Tasking with Julia

Julia is a new programming language for scientific computing designed for performance. The tasking in Julia is inspired by parallel programming systems like Cilk, Intel Threading Building Blocks, and Go.

This lecture is based on a blogpost, of 23 July 2019, https://julialang.org/blog/2019/07/multithreading by Jeff Bezanson, Jameson Nash, and Kiran Pamnany, as an early preview of Julia version 1.3.0.

Tasks are units of work, mapped to threads. The next sections mirror the previous lecture on Tasking with OpenMP.

Parallel Recursive Functions

The sequence of Fibonacci numbers \(F_n\) are defined as

\[F_0 = 0, \quad F_1 = 1, \quad \mbox{and for } n>1: F_n = F_{n-1} + F_{n-2}.\]

This leads to a natural recursive function.

The recursion generates many function calls. While inefficient to compute \(F_n\), this recursion serves as a parallel pattern.

The Fibonacci function with tasking demonstrates the generation of a large number of tasks with one thread. No parallelism will result from this example.

But it is instructive to introduce basic task constructs.

  • With t = @spawn F() we start a task t to compute F(), for some function F().

  • The fetch(t) waits for t to complete and gets its return value.

In the multitasked program to compute the Fibonacci numbers, the number \(n\) for the \(n\)-th Fibonacci number will be gotten from the command line argument.
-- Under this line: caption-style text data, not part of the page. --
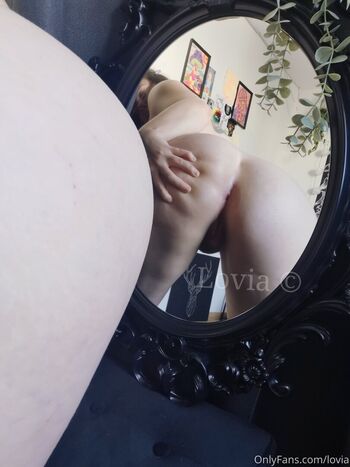 Leaked Lovia suicide private photo viral onlyfans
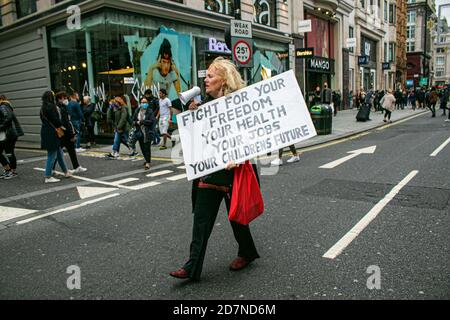 LONDON, Großbritannien, 24. Oktober 2020. Hunderte von Demonstranten, viele skandieren "Take your mask off" demonstrieren durch Oxford Street mit Plakaten gegen Impfungen und obligatorische Gesichtsmasken, um ein Ende der Sperre zu fordern und zu glauben, dass das Virus ein Weg für die Regierung ist, die Öffentlichkeit zu kontrollieren und zu manipulieren, indem sie ihre Freiheiten wegnimmt. Kredit: amer ghazzal/Alamy Live Nachrichten Stockfoto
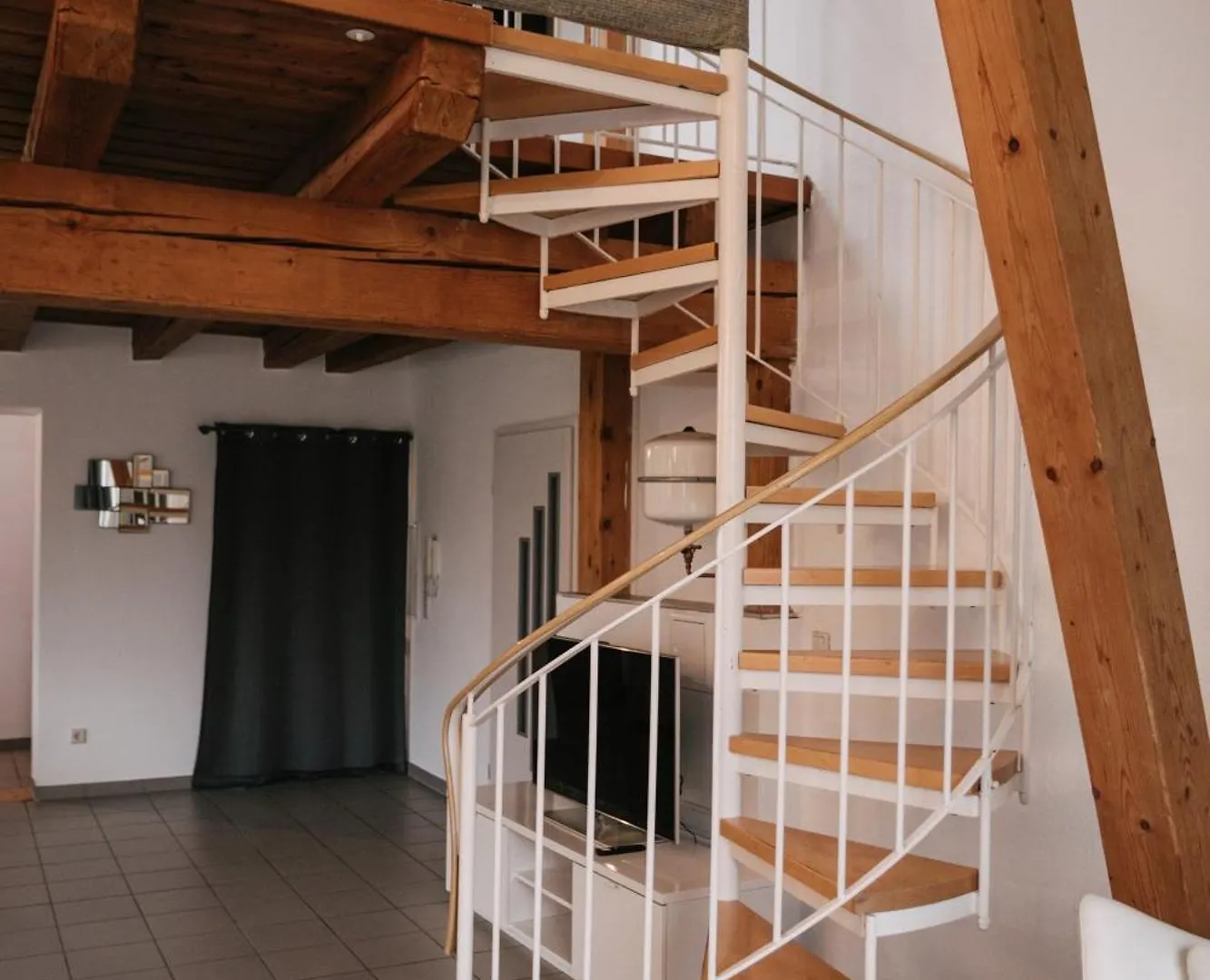 Eigenes Maisonettehaus In Idyllischer Lage Mit Balkon, Nahe Messe, 24H Self-Check In, Gratis Parken Schwabach Germany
The Julia program below prints all command line arguments.

print(PROGRAM_FILE, " has ", length(ARGS))
println(" arguments.")
println("The command line arguments :")
for x in ARGS
    println(x)
end

If the file showthreads.jl contains

using Base.Threads

nbt = nthreads()
println("The number of threads : ", nbt)

then run via typing

JULIA_NUM_THREADS=8 julia showthreads.jl

at the command prompt. Alternatively, type

julia -t 8 showthreads.jl

to run the program with 8 threads.

The recursive parallel computation of the Fibonacci numbers is then defined in the program below:

import Base.Threads.@spawn

function fib(n::Int)
    if n < 2
        return n
    end
    t = @spawn fib(n-2)
    return fib(n-1) + fetch(t)
end

if length(ARGS) > 0
    nbr = parse(Int64, ARGS[1])
    println(fib(nbr))
else
    println(fib(10))
end

If the program is saved in the file fibmt.jl, then we run it with 8 threads, typing

JULIA_NUM_THREADS=8 julia fibmt.jl 10

or alternatively

julia -t 8 fibmt.jl 10

at the command prompt to compute the 10-th Fibonacci number with tasks mapped to 8 threads.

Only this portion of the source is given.